Ok, *you* go to the American people in 1945, after 4 years of war and tens of thousands of casualties already, and tell them to sacrifice another 10,000 soldiers to spare the lives of however many soldiers/civilians of the enemy (BTW, the estimates of casualties for invading mainland Japan exceeded 100,000 not 10,000). I know what the answer would have been. Sure, I don't agree with it, but you and I weren't alive then and didn't have to suffer through the war the way they did.
For the same reason I tell people that no one should be surprised how brutal the Israelis have become after 30+ years of terrorism waged against them, I also say no one should be surprised at the behavior of the Allies at the end of WWII. The people back then simply would not have seen the moral dilemma you and I see. They wanted the war over, with as few further casualties on their own side as possible, but after all the death and destruction of the previous years, they no longer gave a damn how many enemy casualties it took to end the war. They just wanted the war to end.
Frankly, I'm a little tired of the moral supremicists who, from a future era very different from the past one, with the perfect hindsight of history, and without the context of living through a long and painful war, cast judgement on the people from 60 years ago, as if those of us living today would have automatically done things differently. I'm not at all sure *any* of us, born in that time, with their limited knowledge, would have done *anything* differently.
The real moral of the story, is that destructive, long-term warfare (especially modern "total war") must be avoided at all costs, because no matter what the cause, *both* sides will begin to lose their humanity the longer the bloodletting goes on.
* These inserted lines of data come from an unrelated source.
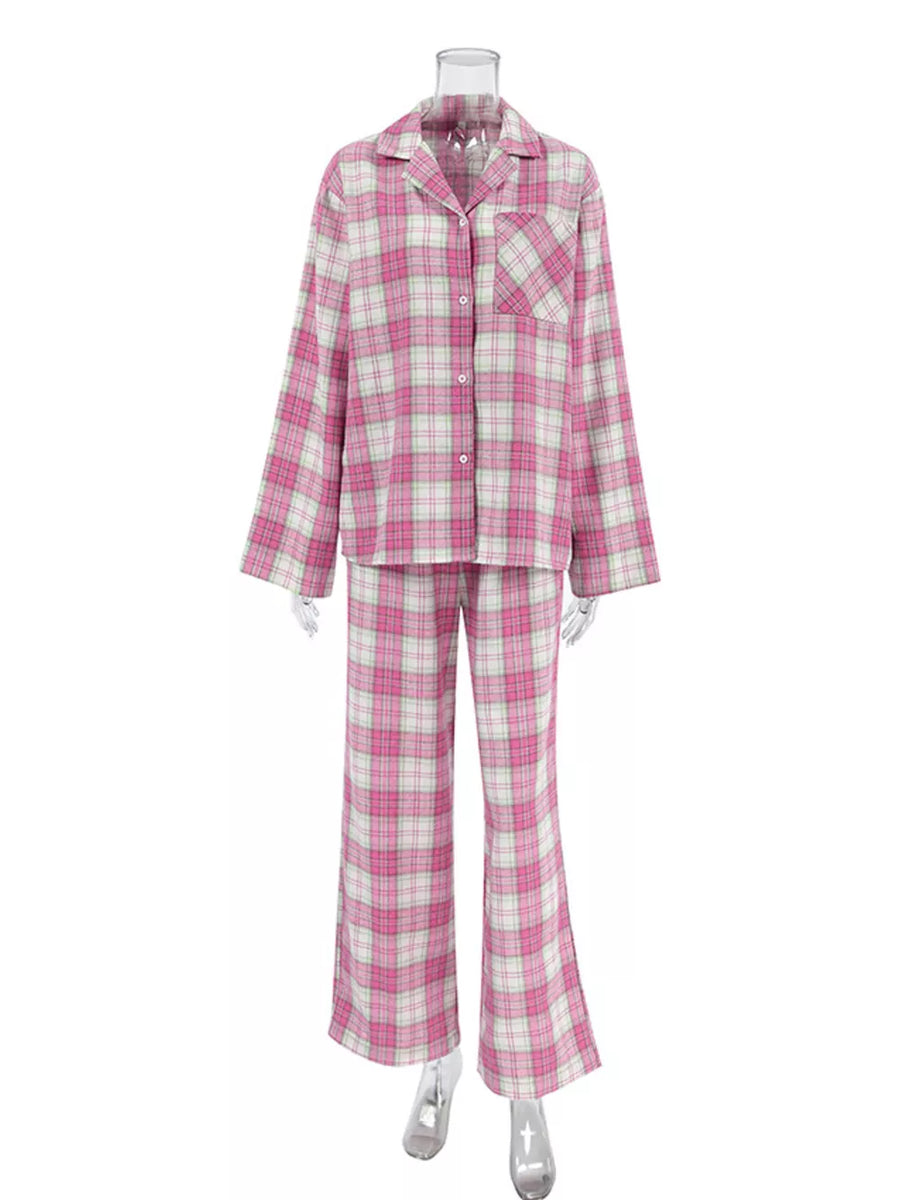 100% polyester Care instructions: Machine wash cold pajama set in Dusty Pink with relaxed silhouette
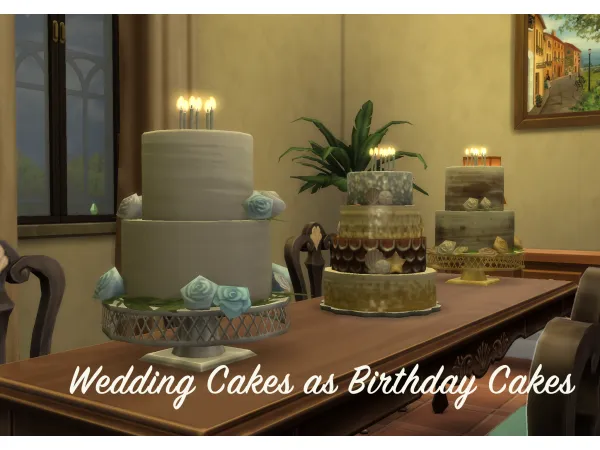 Maxis Match Wedding Cakes as Birthday Cakes by JaneSimsten - The Sims 4 Custom Content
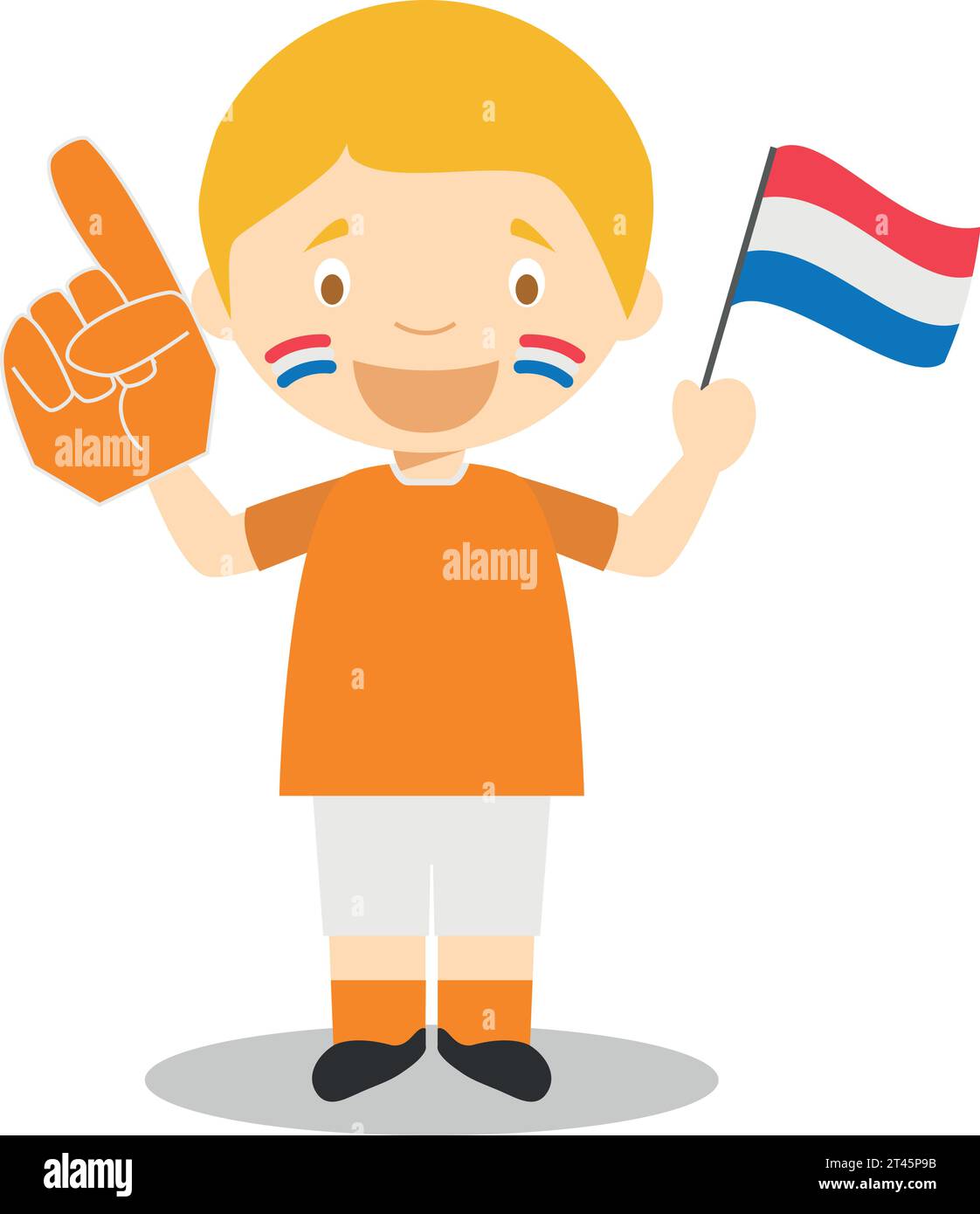 Fan de l'équipe sportive nationale des pays-Bas avec drapeau et gant Vector Illustration Illustration de Vecteur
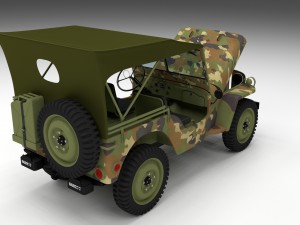 full w chassis jeep willys mb military camo 3D Model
It produces mostly lead, ultimately.
The daughter element of Pu239 is U235.
The decay tree for a fission reaction is really complicated, though: there's a multitude of ways each atom in the sample can decay, and it may stop for a very long time as some long-lived low-level isotope before heading on down the chain.
The decay of the results of a fission reaction is complex because the fission process produces multiple isotopes of multiple elements. At the same time throwing neutrons around which can be captured changing the isotope mix. The fission products are very unlikely to decay to any form of lead, given that they tend to be in row 5 of the periodic table. Hence Sr90 and I131 being present. N.B. many of the isotopes produced by fission have such short half lives that they are difficult to detect.